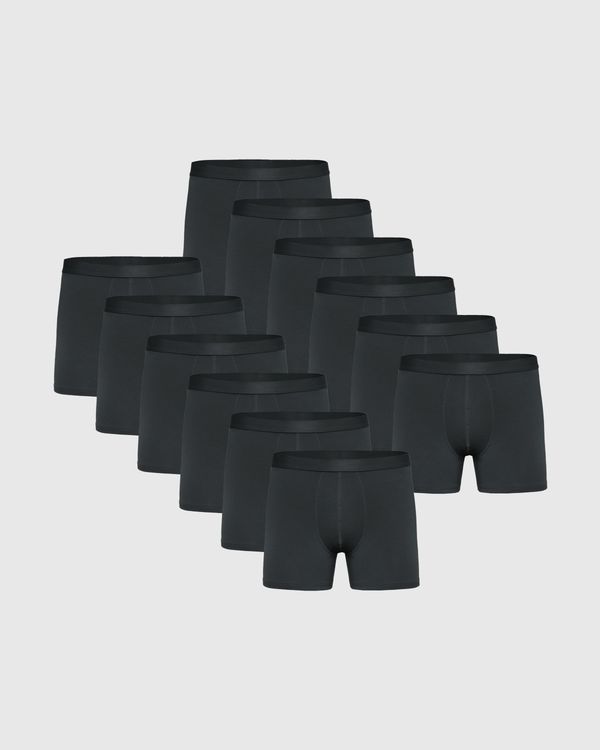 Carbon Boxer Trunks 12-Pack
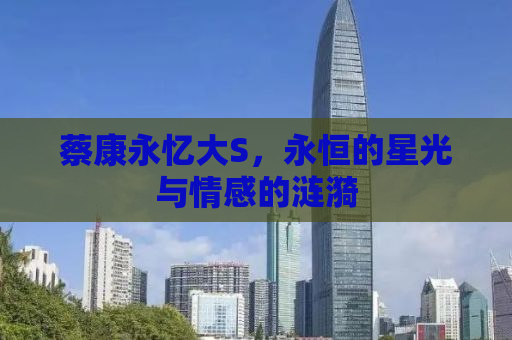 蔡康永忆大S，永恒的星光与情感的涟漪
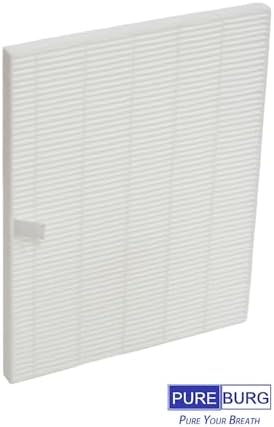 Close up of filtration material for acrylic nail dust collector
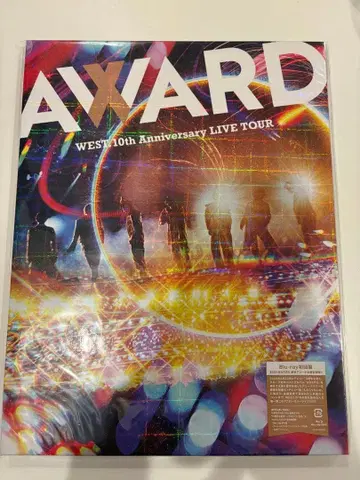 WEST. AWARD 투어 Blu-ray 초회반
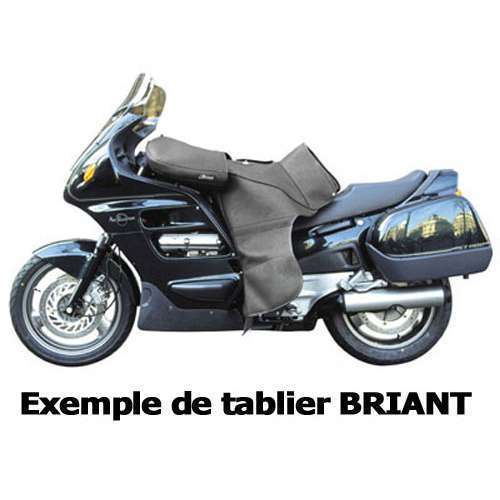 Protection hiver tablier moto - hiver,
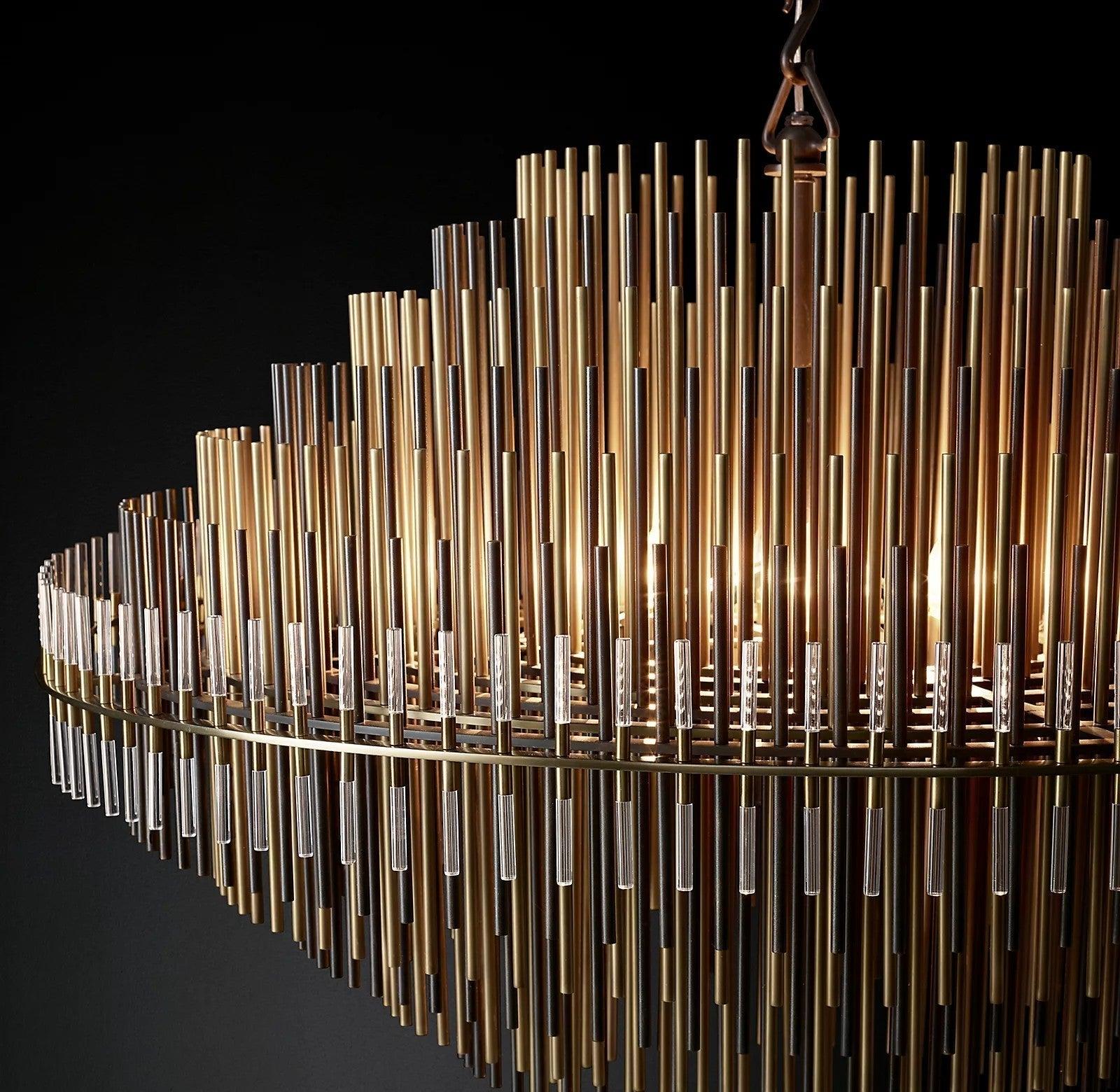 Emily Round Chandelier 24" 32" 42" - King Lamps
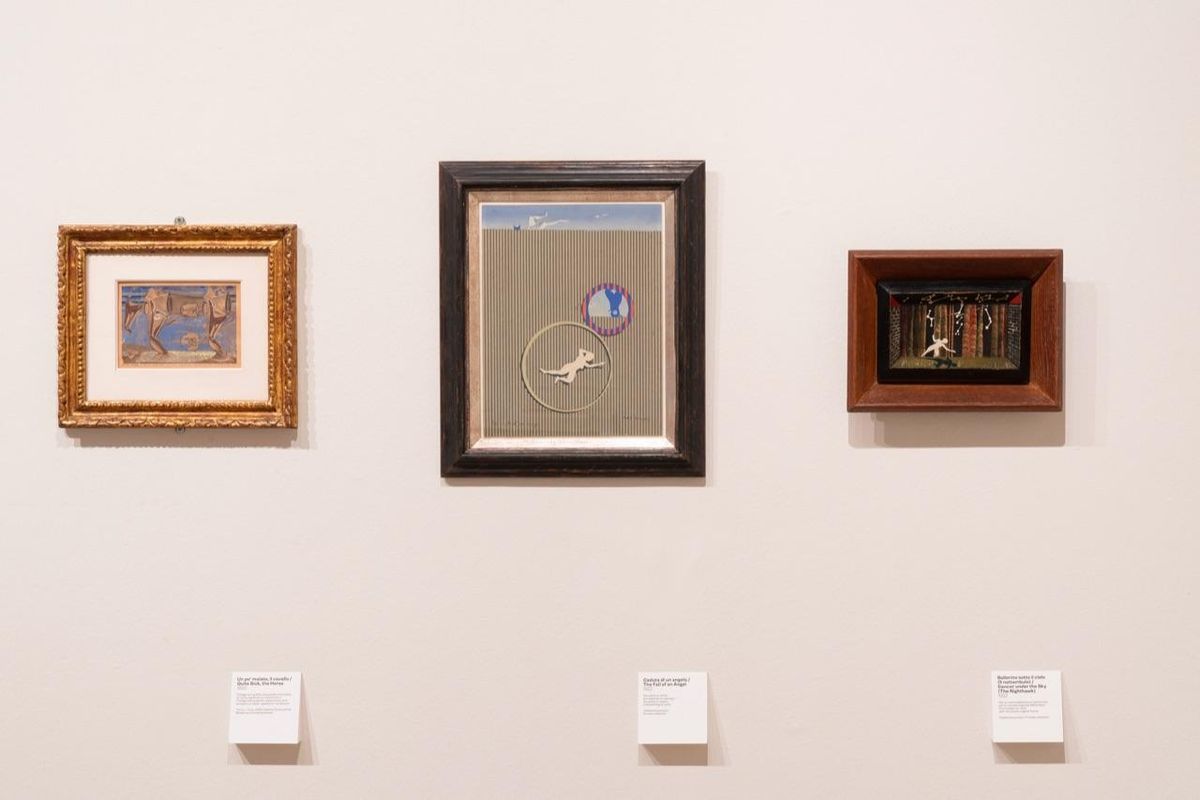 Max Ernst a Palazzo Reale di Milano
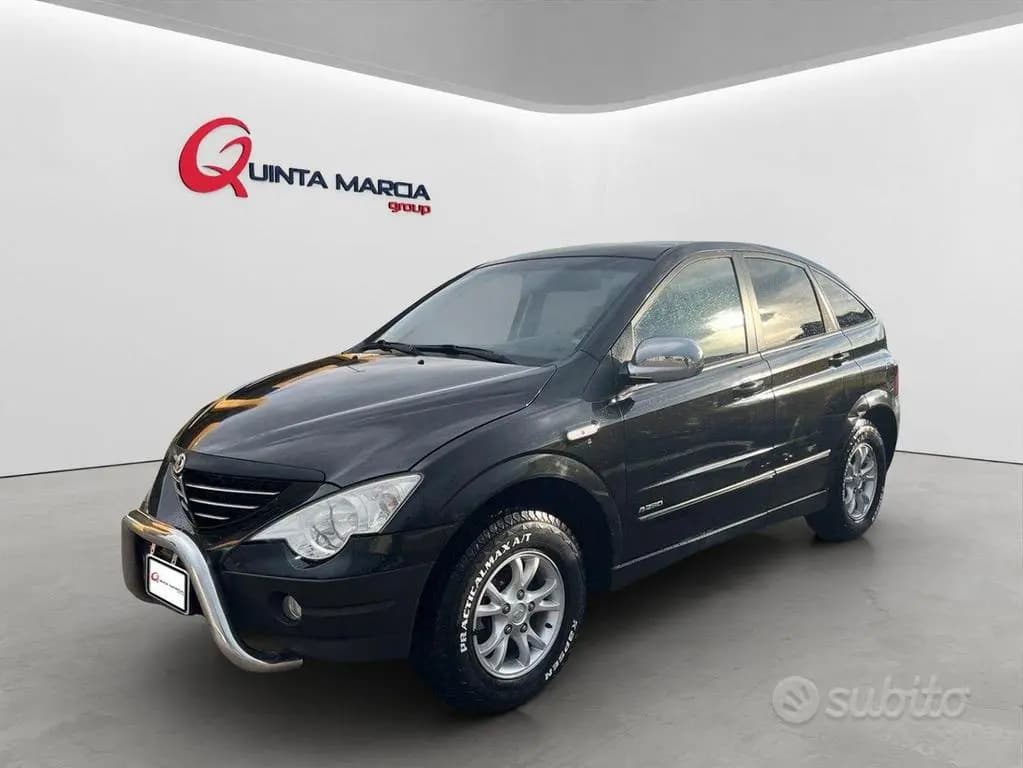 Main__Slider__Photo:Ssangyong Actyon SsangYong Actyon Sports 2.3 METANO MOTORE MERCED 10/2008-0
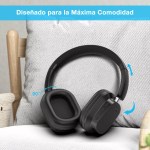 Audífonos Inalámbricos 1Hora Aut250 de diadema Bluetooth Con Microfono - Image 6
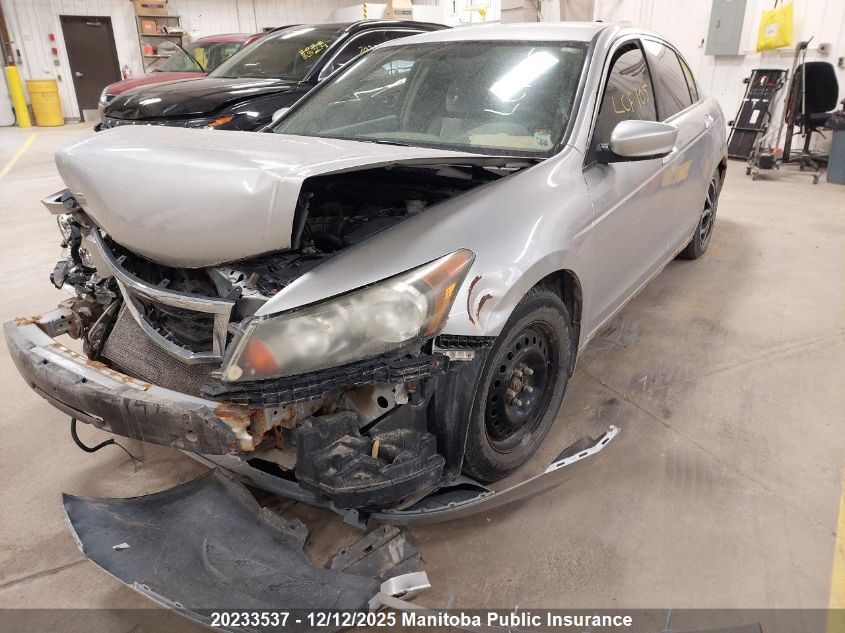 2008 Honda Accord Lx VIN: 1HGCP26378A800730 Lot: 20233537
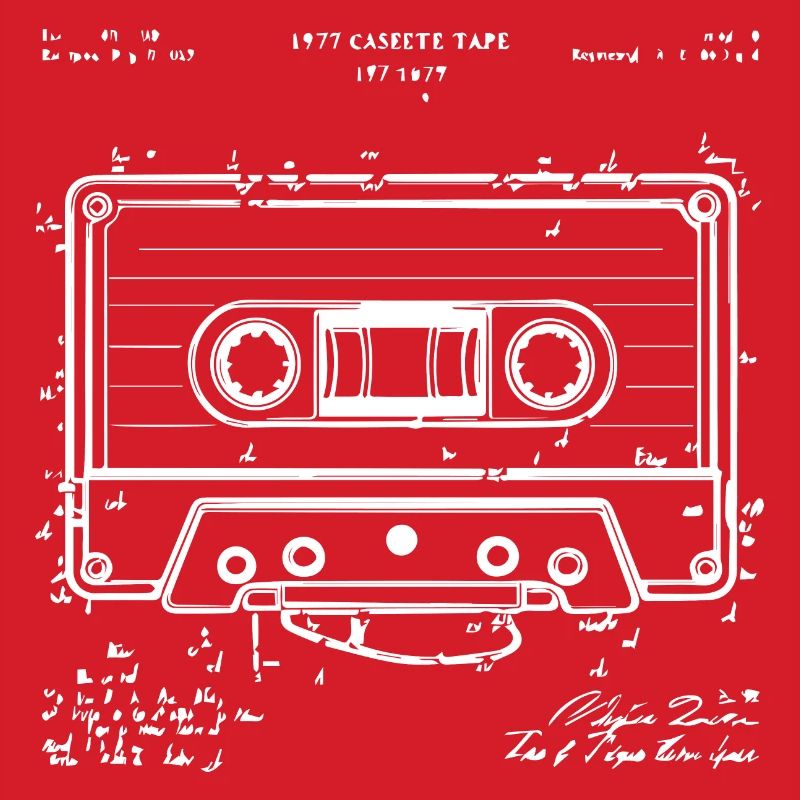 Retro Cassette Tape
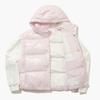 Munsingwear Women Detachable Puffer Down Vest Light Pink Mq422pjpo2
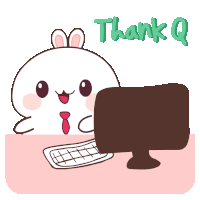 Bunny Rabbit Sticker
=-=-=-=-=
[EXERCISE REQUIREMENTS] No pictures belong in the copy; output every record exactly.

[RESPONSE AREA]
 Carbon Boxer Trunks 12-Pack
 蔡康永忆大S，永恒的星光与情感的涟漪
 Close up of filtration material for acrylic nail dust collector
 WEST. AWARD 투어 Blu-ray 초회반
 Protection hiver tablier moto - hiver,
 Emily Round Chandelier 24" 32" 42" - King Lamps
 Max Ernst a Palazzo Reale di Milano
 Main__Slider__Photo:Ssangyong Actyon SsangYong Actyon Sports 2.3 METANO MOTORE MERCED 10/2008-0
 Audífonos Inalámbricos 1Hora Aut250 de diadema Bluetooth Con Microfono - Image 6
 2008 Honda Accord Lx VIN: 1HGCP26378A800730 Lot: 20233537
 Retro Cassette Tape
 Munsingwear Women Detachable Puffer Down Vest Light Pink Mq422pjpo2
 Bunny Rabbit Sticker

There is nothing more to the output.